==== THE RECORDS

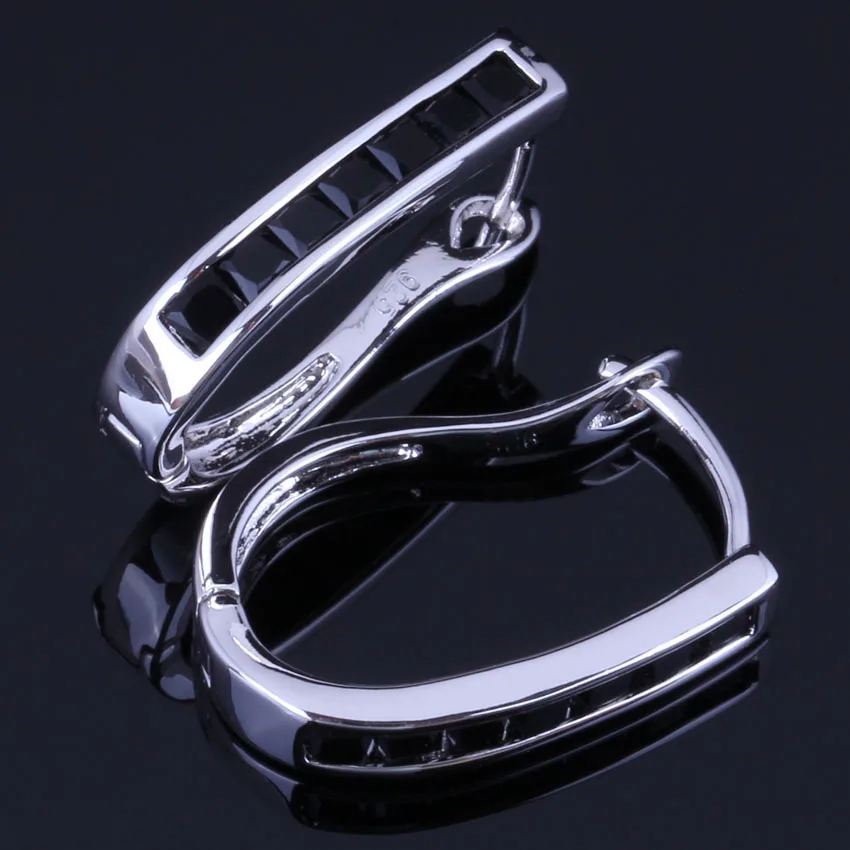

Stunning Black Cubic Zirconia 925 Sterling Silver Clip Hoop Huggie Earrings For Women V1055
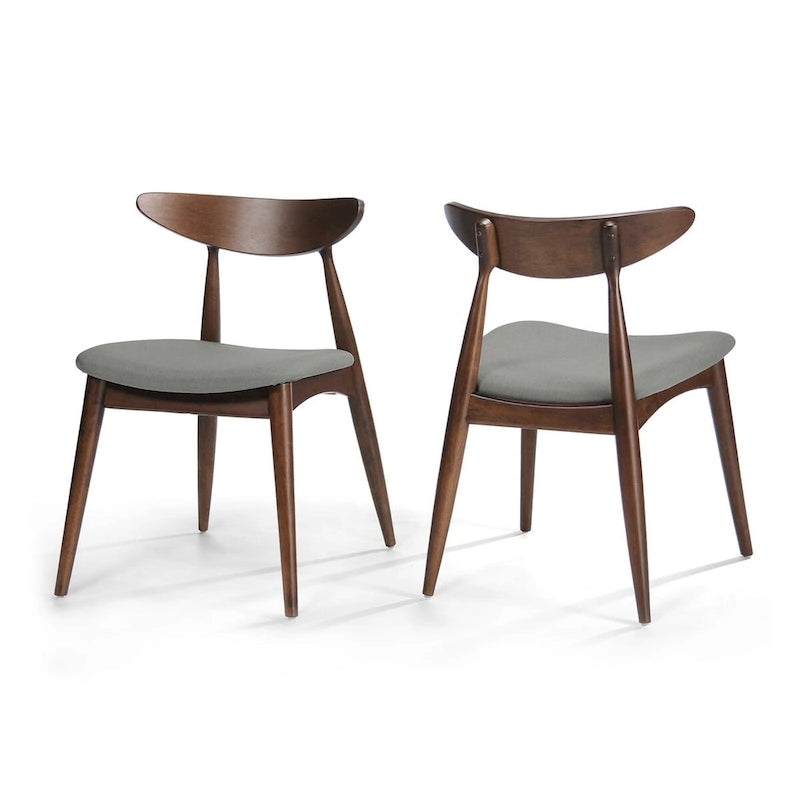 Chaise de salle à manger moderne du milieu du siècle avec siège rembourré, bois naturel et tissu gris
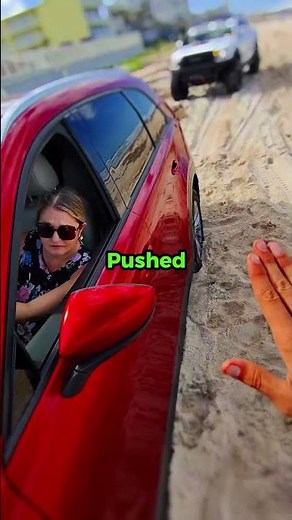 She Got STUCK In SAND😳 #shorts #rescue #car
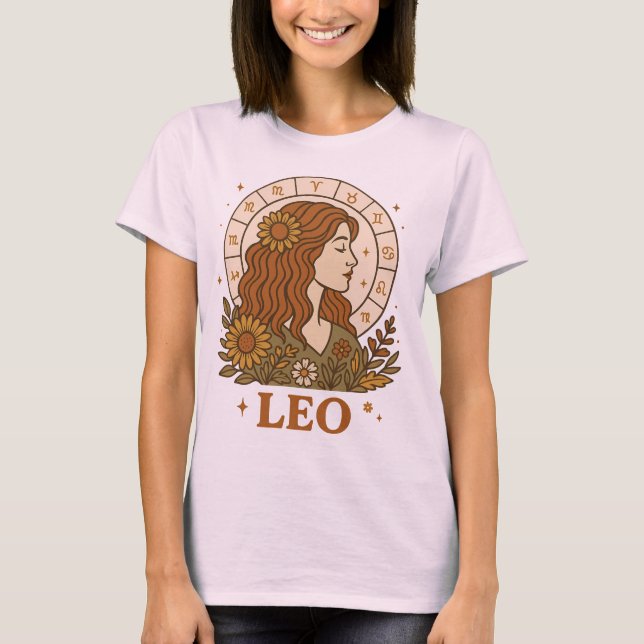 T-shirt Retro Leo Zodiac Boho Floral Astrology (Devant)
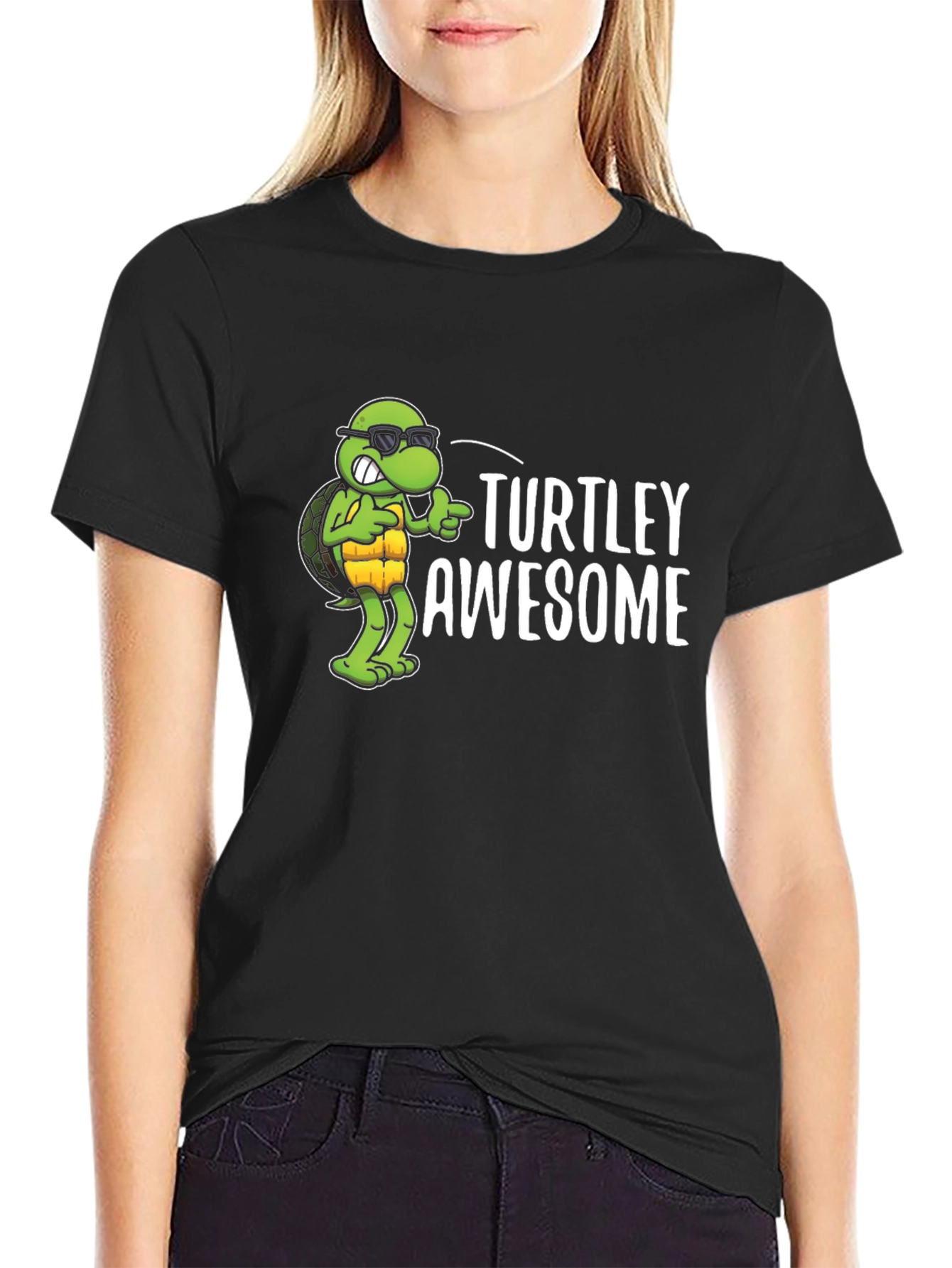 Black Turtley Awesome Black Graphic Tee view 2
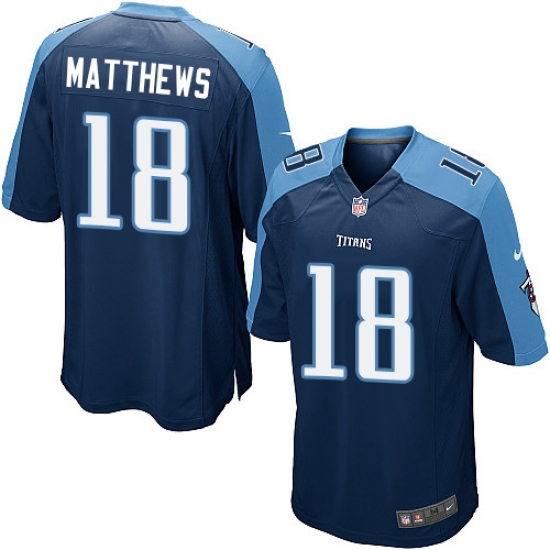 Men's Nike Tennessee Titans 18 Rishard Matthews Game Navy Blue Alternate NFL Jersey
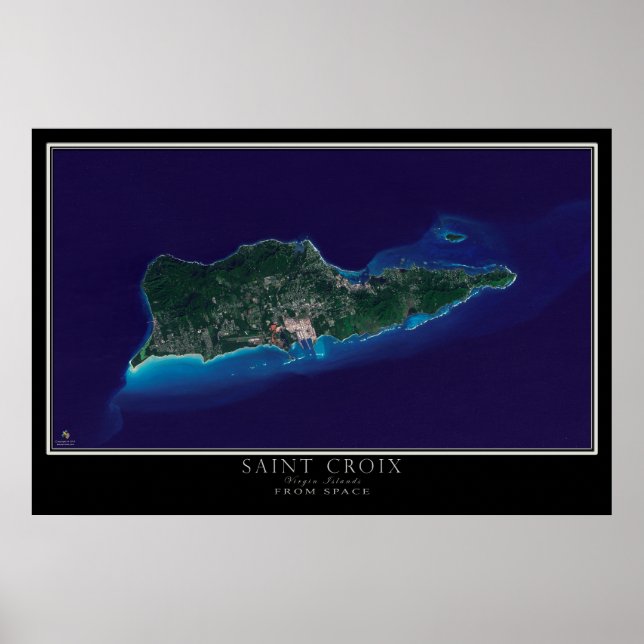 Poster Carte satellite des îles Vierges américaines de Sa (Devant)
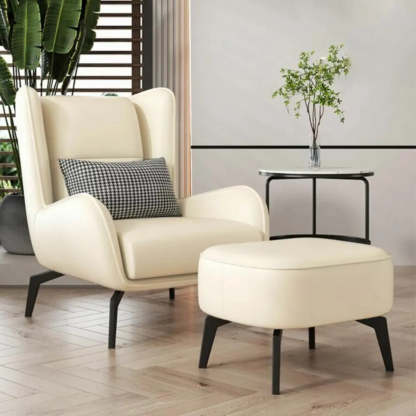 Gray Water Resistant Leather Flared Arm Wingback Chair — Accent Chair & Ottoman / Off-White / Tech Cloth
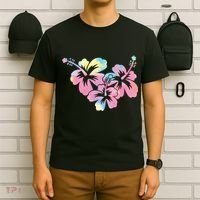 Palm Puff Summer Beach Hawaii Hibiscus T-Shirt thumb 6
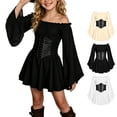 thumbnail image 1 of YUNLIUU Girls Off the Shoulder Pirate Dresses with Sash Two Piece Set Halloween Outfits for Girls,4-5 Years,2-Black, 1 of 6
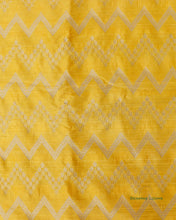 Load image into Gallery viewer, Yellow Pure Raw Silk Handwoven Fabric
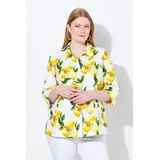 Ulla Popken Damen große Größen Übergrößen Plus Size Jacke, Zitronen, A-Linie, Hemdkragen, 3/4-Arm schneeweiß 50+ 838952200-50+ - 50-52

========

**PROMPT**
Print the data word for word and omit the pictures.

**PROBLEM SOLUTION**
Stunning Black Cubic Zirconia 925 Sterling Silver Clip Hoop Huggie Earrings For Women V1055
 Chaise de salle à manger moderne du milieu du siècle avec siège rembourré, bois naturel et tissu gris
 She Got STUCK In SAND😳 #shorts #rescue #car
 T-shirt Retro Leo Zodiac Boho Floral Astrology (Devant)
 Black Turtley Awesome Black Graphic Tee view 2
 Men's Nike Tennessee Titans 18 Rishard Matthews Game Navy Blue Alternate NFL Jersey
 Poster Carte satellite des îles Vierges américaines de Sa (Devant)
 Gray Water Resistant Leather Flared Arm Wingback Chair — Accent Chair & Ottoman / Off-White / Tech Cloth
 Palm Puff Summer Beach Hawaii Hibiscus T-Shirt thumb 6
 thumbnail image 1 of YUNLIUU Girls Off the Shoulder Pirate Dresses with Sash Two Piece Set Halloween Outfits for Girls,4-5 Years,2-Black, 1 of 6
 Load image into Gallery viewer, Yellow Pure Raw Silk Handwoven Fabric
 Ulla Popken Damen große Größen Übergrößen Plus Size Jacke, Zitronen, A-Linie, Hemdkragen, 3/4-Arm schneeweiß 50+ 838952200-50+ - 50-52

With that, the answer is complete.